- **EXERCISE BRIEF**
Where the listing below has a line with "Placas de obra padrão prefeitura", write out exactly that line and every line after it, stopping after the line with "thumbnail image 2".

•••

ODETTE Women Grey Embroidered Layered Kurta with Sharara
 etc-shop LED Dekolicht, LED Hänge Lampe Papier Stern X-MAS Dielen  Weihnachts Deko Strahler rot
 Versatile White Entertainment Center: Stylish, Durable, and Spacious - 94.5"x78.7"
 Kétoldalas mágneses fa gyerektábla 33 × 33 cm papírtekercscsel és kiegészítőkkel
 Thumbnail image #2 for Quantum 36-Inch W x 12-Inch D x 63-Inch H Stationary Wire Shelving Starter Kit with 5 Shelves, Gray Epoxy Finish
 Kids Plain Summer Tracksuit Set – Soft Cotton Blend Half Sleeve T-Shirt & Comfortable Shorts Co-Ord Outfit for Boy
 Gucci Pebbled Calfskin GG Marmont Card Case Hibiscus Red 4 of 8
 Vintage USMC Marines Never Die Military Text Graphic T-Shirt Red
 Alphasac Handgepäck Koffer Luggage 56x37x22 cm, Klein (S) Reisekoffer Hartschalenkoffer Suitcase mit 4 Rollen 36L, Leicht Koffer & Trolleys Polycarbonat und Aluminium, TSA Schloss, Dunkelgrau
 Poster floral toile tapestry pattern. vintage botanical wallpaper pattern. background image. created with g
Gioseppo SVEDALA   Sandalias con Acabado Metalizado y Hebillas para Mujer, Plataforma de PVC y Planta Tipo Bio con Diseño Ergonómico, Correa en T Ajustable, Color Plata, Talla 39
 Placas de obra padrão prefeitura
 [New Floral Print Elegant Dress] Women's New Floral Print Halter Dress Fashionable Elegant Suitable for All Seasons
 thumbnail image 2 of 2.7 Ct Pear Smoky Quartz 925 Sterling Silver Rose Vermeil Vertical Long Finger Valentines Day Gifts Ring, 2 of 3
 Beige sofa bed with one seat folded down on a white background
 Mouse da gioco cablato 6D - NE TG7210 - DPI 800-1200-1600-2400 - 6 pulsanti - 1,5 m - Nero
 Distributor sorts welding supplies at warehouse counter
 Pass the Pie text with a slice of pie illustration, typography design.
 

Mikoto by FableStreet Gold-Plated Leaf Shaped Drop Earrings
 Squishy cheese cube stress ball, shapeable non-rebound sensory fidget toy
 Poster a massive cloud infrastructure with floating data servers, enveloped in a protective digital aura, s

•••

- **ANSWER**
 Placas de obra padrão prefeitura
 [New Floral Print Elegant Dress] Women's New Floral Print Halter Dress Fashionable Elegant Suitable for All Seasons
 thumbnail image 2 of 2.7 Ct Pear Smoky Quartz 925 Sterling Silver Rose Vermeil Vertical Long Finger Valentines Day Gifts Ring, 2 of 3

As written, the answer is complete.